Question (Ha'aros on Birkei Yosef, 4): The Rambam (Hilchos Pesulei ha'Mukdashim 1:2rules that if one did Kabalah in a Kli inside a Kli, it is not a Chatzitzah, even though they are two bodies!
Magen Avraham (4): The Maharshal (Teshuvah 72) permits (relying on one's own hand). I say that one should not rely on this.
Kaf ha'Chayim (29): Eliyahu Rabah (5) says that in pressed circumstances, one may rely on Maharshal. I say that the Shulchan Aruch and Acharonim said Stam that it does not help, i.e. even in pressed circumstances.
Mishnah Berurah (10): The Bach says that people stretch the sleeve over the hand and put it on the head, and this is a proper covering.
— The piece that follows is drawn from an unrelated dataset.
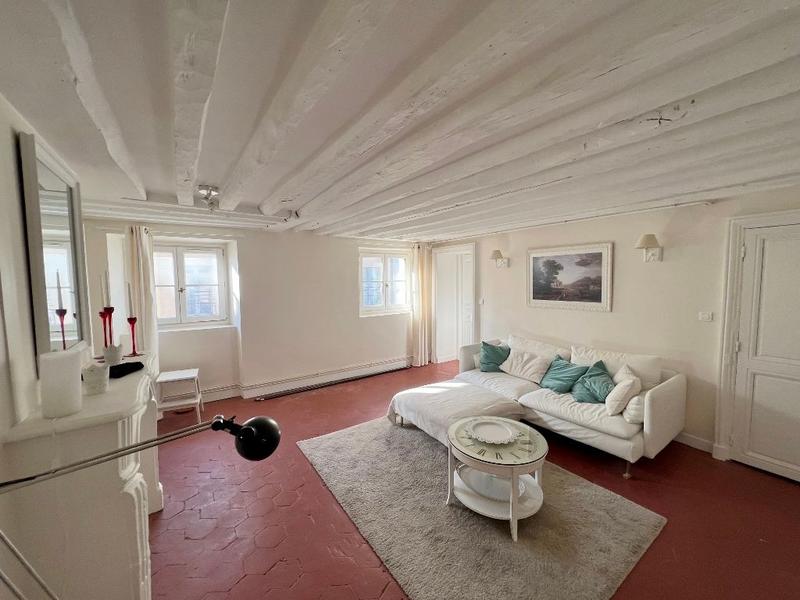 Appartement - 74 m² - 2 pièces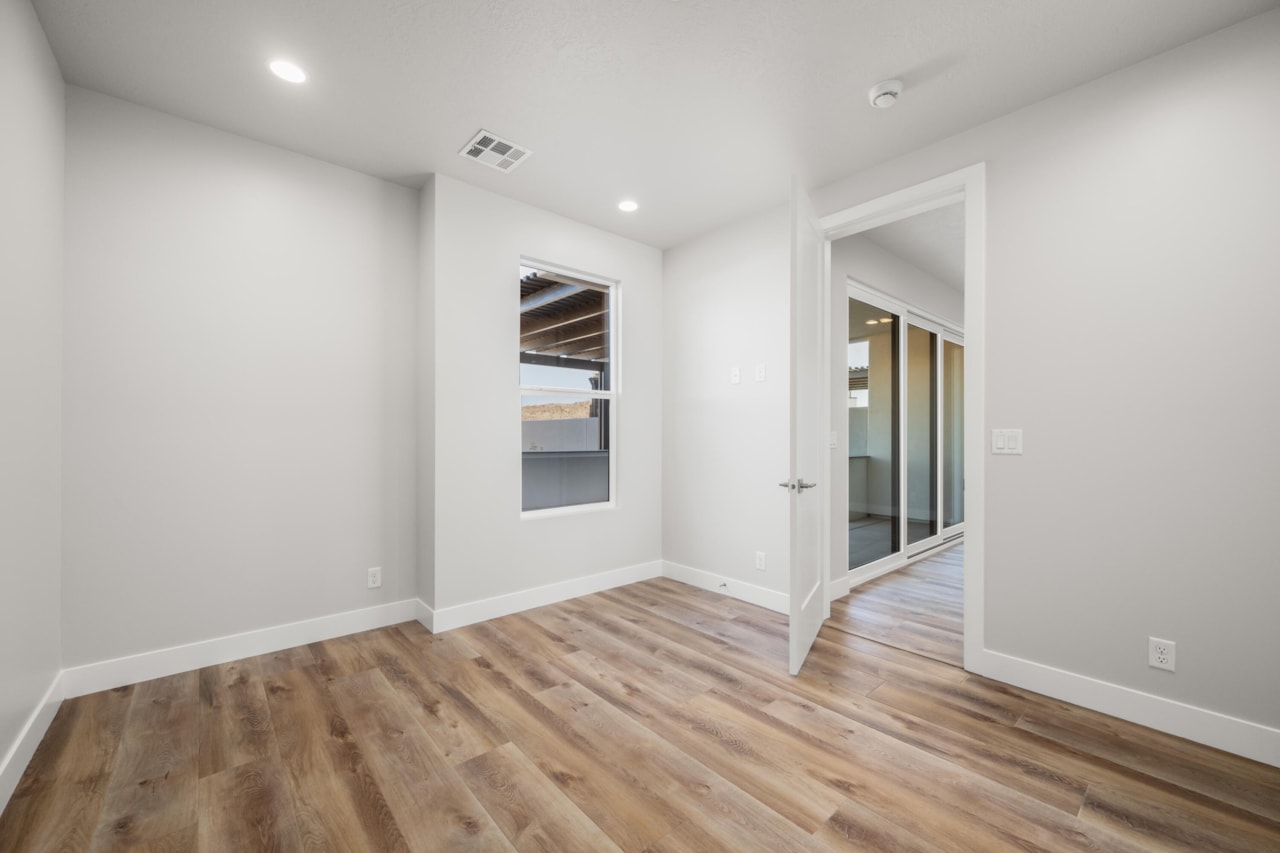 3456 E Amanecer LN #65 Washington, UT 84780 home for sale, MLS#25-266076 - Erika Rogers Photo 11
Afarkasta d'Anya (2 YD 136): Min b'Mino regarding Isurim is different than Min b'Mino regarding Kodshim. This is whether one holds that Min b'Mino depends on taste, or on the name. Regarding Kodshim, even a slight semblance suffices to say that it is b'Mino and it is not a Chatzitzah. Had the Mishnah taught only about standing on top of Kelim, one might have thought that an animal is not a Chatzitzah, for it is flesh. Surely, a man and an animal is Min b'Eino Mino regarding taste and name! Rather, even though for Isurim it is b'Eino Mino, regarding Kodshim a mere semblance suffices. In the conclusion, the Pesul is not due to Chatzitzah, so we can say that the Hava Amina was true, that even an animal is not a Chatzitzah. Tosfos is difficult. In one version in Yoma 58a, we asked whether a Kli inside a Kli is not the way to serve (and we answered that it is). No one said so about standing on another's foot!